- **PROVIDED MATERIAL**
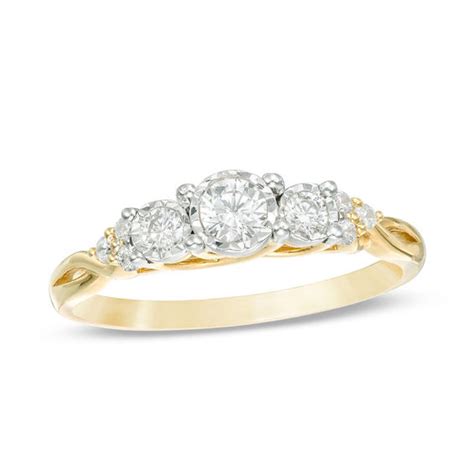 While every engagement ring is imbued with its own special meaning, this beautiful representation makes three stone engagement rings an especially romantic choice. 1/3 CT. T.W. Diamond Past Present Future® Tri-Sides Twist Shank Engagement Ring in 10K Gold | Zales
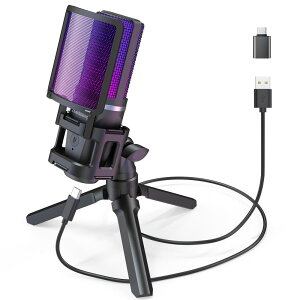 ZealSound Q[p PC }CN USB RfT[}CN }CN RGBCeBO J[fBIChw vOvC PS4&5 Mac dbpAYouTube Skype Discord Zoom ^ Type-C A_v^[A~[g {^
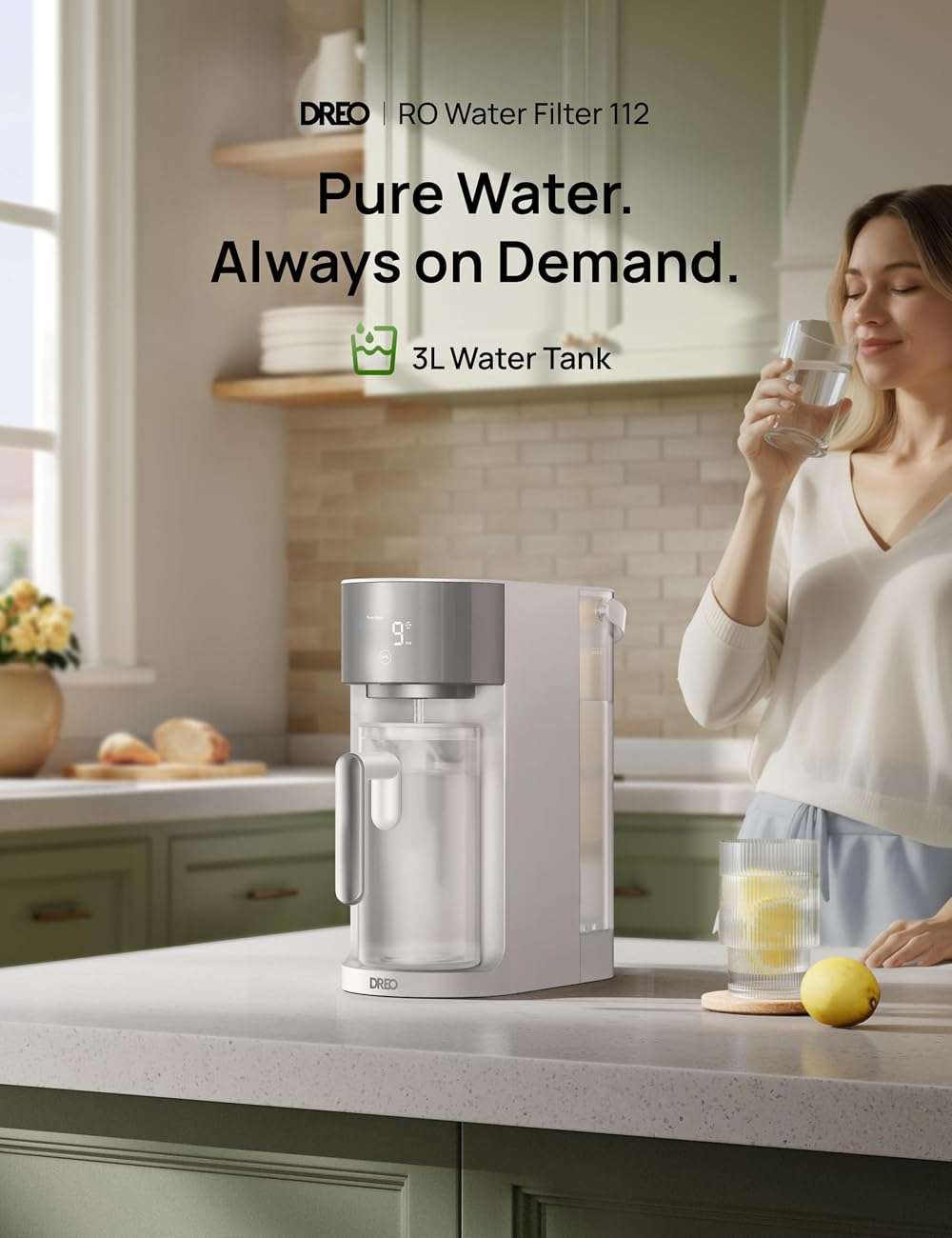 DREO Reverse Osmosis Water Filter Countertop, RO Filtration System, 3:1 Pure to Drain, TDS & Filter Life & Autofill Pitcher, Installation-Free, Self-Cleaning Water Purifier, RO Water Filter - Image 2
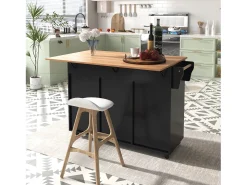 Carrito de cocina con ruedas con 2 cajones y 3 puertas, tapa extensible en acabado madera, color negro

- **WORK INSTRUCTIONS**
The required output is each line above restated verbatim, with all images omitted.

- **SOLVED EXERCISE**
 While every engagement ring is imbued with its own special meaning, this beautiful representation makes three stone engagement rings an especially romantic choice. 1/3 CT. T.W. Diamond Past Present Future® Tri-Sides Twist Shank Engagement Ring in 10K Gold | Zales
 ZealSound Q[p PC }CN USB RfT[}CN }CN RGBCeBO J[fBIChw vOvC PS4&5 Mac dbpAYouTube Skype Discord Zoom ^ Type-C A_v^[A~[g {^
 DREO Reverse Osmosis Water Filter Countertop, RO Filtration System, 3:1 Pure to Drain, TDS & Filter Life & Autofill Pitcher, Installation-Free, Self-Cleaning Water Purifier, RO Water Filter - Image 2
 Carrito de cocina con ruedas con 2 cajones y 3 puertas, tapa extensible en acabado madera, color negro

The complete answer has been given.